ISLAMABAD: Pakistan said Thursday it would have to go through “transitional pain” after the International Monetary Fund agreed to a new relief package of $7 billion to bolster its faltering economy.
Although the South Asian nation’s economy has stabilised since it came close to defaulting last summer, it is dependent on IMF bailouts and loans from friendly countries to service its huge debt, which swallows up half of its annual revenues.
“There will be transitional pain, but if we are to make it the last programme, then we have to carry out structural reforms,” Minister of Finance Muhammad Aurangzeb told local broadcaster.
The IMF said in a statement it would issue an “immediate disbursement” of around $1 billion. The three-year loan programme “will require sound policies and reforms” to support Pakistan’s ongoing efforts to strengthen its economy “and create conditions for a stronger, more inclusive, and resilient growth”, it added.
Pakistan in July agreed to the deal — its 24th IMF payout since 1958 — in exchange for unpopular reforms, including cutting back on power subsidies and widening its chronically low tax base.
Speaking on the sidelines of the United Nations General Assembly in New York on Wednesday, Prime Minister Shehbaz Sharif said the deal came through thanks to the “tremendous support” of Saudi Arabia, China and the UAE.

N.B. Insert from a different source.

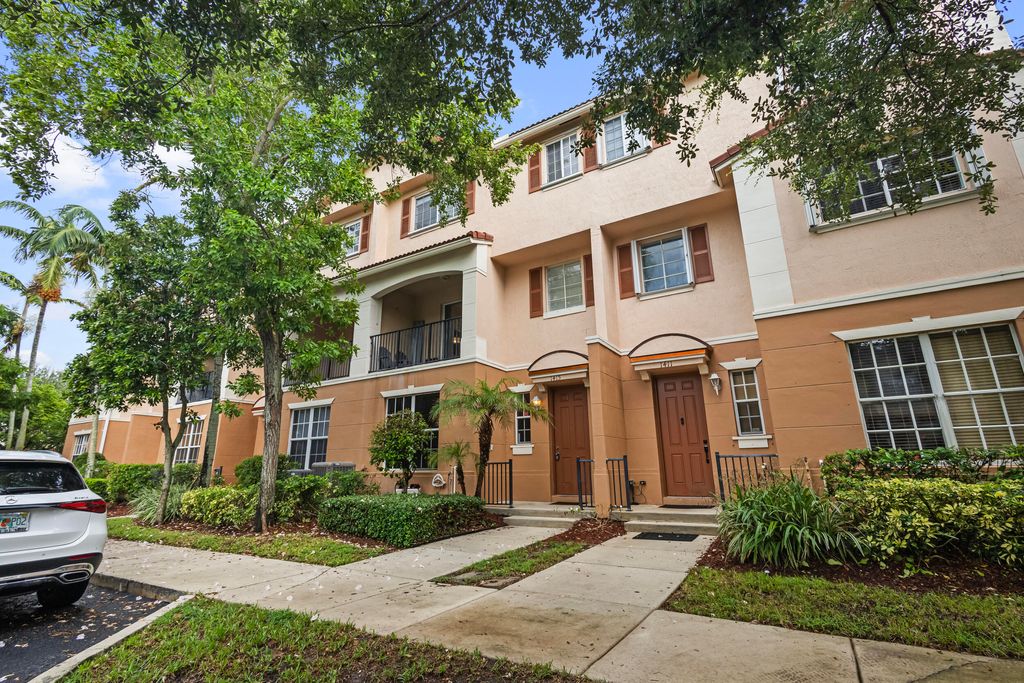 Photo of 1415 W Wickham Circle, Delray Beach, FL 33445 (MLS # R11009610)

“In the final phase (of negotiations), the IMF’s conditions were related to China. The way the Chinese government supported and strengthened us during this time is something I am truly grateful for,” he told reporters shortly before the deal was announced.
Last month, Aurangzeb had said Pakistan was negotiating a $12 billion loan reprofiling from bilateral lenders.
The amount comprised $5 billion from Saudi Arabia, $4 billion from China and $3 billion from the UAE for a three- to five-year period.
Reacting to the news, Pakistan’s stock exchange briefly reached a new record high before losing ground in later trade.
Kaiser Bengali, a Pakistani economist, told AFP: “This deal will help us pay back our immediate debts, but nothing more than that. “The only economic reforms that we are required to implement is more taxes. There is no progress on reducing government expenditures.”
At the end of 2023, Pakistan — long locked in a cycle of overlapping political and economic crises — had amassed a total debt of more than $250 billion, or 74 percent of GDP, according to the IMF.
About 40 percent of its debt is owed to external creditors in foreign currencies. Its biggest single foreign creditor is China and Chinese commercial banks, at just under $30 billion, followed by the World Bank at more than $20 billion, according to the report. Last year the country came to the brink of default as the economy shrivelled amid political chaos following catastrophic 2022 monsoon floods and decades of mismanagement, as well as a global economic downturn.
It was saved by last-minute loans from friendly countries as well as an IMF rescue package.
Islamabad wrangled for months with IMF officials to unlock the latest loan, which came on the condition of reforms including hiking household bills to remedy a permanently crisis-stricken energy sector and raising pitiful tax takings. In a nation of more than 240 million people where most jobs are in the informal sector, only 5.2 million filed income tax returns in 2022.